(SUPPLIED MATERIAL begins)
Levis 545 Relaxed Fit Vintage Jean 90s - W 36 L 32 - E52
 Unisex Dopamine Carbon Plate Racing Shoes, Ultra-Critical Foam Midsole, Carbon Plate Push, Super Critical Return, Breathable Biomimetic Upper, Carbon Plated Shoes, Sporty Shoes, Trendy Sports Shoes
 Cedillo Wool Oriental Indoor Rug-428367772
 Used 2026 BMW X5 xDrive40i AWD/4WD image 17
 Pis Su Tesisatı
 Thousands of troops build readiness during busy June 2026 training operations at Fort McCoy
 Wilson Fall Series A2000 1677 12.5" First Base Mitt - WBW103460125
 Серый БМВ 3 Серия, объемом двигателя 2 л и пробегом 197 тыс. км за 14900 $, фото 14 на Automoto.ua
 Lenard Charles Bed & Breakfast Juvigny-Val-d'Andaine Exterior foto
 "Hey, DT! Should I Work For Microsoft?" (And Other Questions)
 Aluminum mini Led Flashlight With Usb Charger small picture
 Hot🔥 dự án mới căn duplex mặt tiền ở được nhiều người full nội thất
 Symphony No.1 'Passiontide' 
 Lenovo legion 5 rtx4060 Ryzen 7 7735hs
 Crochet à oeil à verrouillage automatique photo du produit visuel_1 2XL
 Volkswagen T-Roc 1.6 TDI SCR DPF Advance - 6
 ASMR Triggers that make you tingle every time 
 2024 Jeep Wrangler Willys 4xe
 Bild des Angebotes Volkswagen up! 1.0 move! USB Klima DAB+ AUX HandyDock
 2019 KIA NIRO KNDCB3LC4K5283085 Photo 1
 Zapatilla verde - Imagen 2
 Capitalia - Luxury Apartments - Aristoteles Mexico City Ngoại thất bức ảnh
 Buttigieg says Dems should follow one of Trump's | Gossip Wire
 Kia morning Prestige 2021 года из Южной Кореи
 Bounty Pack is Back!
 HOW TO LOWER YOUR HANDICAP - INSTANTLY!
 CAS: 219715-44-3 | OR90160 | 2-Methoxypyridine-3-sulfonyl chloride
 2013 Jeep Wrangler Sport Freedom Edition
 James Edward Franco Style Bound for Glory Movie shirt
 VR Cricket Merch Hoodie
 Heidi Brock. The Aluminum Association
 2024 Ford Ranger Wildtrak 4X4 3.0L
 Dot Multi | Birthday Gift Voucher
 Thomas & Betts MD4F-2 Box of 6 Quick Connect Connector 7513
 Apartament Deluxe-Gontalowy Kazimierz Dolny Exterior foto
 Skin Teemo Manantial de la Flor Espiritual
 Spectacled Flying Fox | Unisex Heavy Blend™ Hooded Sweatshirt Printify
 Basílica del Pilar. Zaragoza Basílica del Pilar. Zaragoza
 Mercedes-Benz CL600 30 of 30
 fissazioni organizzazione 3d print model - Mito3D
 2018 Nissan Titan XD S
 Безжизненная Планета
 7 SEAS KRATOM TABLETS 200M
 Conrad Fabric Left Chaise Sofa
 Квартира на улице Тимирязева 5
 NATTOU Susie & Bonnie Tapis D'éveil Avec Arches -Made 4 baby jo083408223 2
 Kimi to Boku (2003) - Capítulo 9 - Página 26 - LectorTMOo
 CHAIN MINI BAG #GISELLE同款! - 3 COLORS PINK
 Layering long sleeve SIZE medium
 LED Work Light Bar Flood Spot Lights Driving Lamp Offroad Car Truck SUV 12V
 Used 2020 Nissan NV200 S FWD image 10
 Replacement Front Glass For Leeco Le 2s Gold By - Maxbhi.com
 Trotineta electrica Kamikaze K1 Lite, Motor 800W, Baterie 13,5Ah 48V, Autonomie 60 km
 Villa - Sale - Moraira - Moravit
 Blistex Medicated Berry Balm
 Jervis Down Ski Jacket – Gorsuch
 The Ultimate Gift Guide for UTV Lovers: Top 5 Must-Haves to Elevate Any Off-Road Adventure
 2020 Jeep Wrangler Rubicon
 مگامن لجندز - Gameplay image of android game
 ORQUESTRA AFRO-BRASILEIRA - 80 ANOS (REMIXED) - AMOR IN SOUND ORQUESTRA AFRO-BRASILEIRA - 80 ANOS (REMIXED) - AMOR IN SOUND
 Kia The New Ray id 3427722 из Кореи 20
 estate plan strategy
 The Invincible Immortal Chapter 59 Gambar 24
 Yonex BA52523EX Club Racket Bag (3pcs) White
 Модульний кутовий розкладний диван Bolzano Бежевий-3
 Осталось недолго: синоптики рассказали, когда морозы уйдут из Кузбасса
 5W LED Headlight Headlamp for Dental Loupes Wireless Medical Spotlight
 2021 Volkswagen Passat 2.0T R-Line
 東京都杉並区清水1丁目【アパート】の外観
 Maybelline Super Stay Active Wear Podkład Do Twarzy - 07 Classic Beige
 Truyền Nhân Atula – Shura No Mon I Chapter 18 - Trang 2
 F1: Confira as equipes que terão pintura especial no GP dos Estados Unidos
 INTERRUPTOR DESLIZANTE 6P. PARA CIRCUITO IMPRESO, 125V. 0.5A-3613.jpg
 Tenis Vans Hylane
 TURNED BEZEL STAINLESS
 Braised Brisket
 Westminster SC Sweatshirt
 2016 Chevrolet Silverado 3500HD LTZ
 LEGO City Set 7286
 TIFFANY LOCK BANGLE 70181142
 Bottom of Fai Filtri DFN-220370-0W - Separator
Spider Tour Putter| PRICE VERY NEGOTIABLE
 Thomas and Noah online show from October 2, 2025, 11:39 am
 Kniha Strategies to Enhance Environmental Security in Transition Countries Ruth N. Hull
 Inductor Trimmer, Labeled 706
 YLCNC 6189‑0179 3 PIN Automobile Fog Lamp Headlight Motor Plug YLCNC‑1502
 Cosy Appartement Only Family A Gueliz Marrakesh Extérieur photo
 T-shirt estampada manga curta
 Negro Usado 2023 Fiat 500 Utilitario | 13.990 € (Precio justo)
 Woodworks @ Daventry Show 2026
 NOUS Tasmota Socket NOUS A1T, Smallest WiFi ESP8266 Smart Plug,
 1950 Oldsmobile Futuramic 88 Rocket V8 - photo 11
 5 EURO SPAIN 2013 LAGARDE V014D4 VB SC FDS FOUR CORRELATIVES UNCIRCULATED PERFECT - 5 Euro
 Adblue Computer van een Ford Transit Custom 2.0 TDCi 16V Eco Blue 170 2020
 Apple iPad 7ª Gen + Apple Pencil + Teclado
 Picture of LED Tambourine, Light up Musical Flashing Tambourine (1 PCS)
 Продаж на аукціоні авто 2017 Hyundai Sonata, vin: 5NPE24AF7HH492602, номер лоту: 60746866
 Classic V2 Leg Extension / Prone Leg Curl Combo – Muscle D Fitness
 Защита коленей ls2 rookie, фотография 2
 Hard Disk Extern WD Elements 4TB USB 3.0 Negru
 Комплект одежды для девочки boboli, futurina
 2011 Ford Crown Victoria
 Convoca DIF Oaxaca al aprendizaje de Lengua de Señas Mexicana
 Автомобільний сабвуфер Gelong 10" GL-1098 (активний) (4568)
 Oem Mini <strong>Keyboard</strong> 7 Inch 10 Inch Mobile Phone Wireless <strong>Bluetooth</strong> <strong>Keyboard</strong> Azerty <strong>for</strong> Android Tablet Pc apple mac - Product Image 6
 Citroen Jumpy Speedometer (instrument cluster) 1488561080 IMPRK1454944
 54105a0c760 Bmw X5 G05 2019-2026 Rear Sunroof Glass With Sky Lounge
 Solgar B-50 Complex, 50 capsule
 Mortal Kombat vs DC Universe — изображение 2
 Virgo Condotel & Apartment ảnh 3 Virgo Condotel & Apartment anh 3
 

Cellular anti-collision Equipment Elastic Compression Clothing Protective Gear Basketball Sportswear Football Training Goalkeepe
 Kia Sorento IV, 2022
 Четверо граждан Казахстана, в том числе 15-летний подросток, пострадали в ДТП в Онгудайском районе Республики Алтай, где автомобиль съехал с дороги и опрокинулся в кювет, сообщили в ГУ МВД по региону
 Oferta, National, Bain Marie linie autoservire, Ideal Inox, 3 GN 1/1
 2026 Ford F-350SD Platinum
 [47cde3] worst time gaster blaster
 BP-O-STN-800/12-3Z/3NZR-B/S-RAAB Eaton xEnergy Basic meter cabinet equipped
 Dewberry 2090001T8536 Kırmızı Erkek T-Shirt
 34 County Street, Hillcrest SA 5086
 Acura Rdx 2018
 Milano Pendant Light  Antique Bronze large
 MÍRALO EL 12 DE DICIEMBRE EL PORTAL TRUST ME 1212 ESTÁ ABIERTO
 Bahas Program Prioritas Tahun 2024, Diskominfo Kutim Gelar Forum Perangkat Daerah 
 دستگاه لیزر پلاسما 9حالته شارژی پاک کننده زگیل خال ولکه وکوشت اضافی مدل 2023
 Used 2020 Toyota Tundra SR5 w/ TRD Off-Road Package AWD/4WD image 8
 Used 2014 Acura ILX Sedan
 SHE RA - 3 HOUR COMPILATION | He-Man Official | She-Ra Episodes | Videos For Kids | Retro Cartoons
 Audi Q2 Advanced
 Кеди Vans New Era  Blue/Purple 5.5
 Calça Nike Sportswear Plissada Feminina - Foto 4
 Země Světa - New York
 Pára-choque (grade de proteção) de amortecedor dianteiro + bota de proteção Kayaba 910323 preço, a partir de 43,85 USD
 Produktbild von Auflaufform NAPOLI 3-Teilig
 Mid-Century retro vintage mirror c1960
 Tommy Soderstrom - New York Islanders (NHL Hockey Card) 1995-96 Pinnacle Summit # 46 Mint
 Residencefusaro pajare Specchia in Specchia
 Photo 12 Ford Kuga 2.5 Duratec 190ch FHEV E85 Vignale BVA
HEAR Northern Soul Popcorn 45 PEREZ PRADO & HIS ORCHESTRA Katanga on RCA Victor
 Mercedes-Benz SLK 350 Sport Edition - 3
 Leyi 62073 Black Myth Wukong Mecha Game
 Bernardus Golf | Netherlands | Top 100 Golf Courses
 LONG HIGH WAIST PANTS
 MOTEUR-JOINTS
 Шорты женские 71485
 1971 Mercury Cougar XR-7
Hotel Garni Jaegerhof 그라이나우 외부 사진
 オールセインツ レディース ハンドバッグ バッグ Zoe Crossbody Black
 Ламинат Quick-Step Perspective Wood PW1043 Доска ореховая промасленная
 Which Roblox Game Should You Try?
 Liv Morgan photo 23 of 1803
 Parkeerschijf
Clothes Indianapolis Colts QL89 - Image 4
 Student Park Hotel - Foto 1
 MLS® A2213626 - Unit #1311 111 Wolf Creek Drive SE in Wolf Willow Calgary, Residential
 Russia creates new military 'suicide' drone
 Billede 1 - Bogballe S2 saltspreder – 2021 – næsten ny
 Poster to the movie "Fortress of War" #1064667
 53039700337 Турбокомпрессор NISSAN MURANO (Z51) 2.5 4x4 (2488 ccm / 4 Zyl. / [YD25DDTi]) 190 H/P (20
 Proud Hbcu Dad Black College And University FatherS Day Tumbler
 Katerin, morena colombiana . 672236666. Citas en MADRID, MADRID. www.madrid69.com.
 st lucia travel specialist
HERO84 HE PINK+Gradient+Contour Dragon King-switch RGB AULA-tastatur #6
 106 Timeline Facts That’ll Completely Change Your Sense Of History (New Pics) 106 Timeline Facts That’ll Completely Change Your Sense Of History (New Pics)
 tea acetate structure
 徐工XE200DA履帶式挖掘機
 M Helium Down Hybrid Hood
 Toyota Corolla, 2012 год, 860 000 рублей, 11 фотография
(SUPPLIED MATERIAL ends)
## REQUIRED WORK
Count how many lines in the data above hold the string "Jeep", and give the number with no other words.

## ANSWER TO THIS EXERCISE
3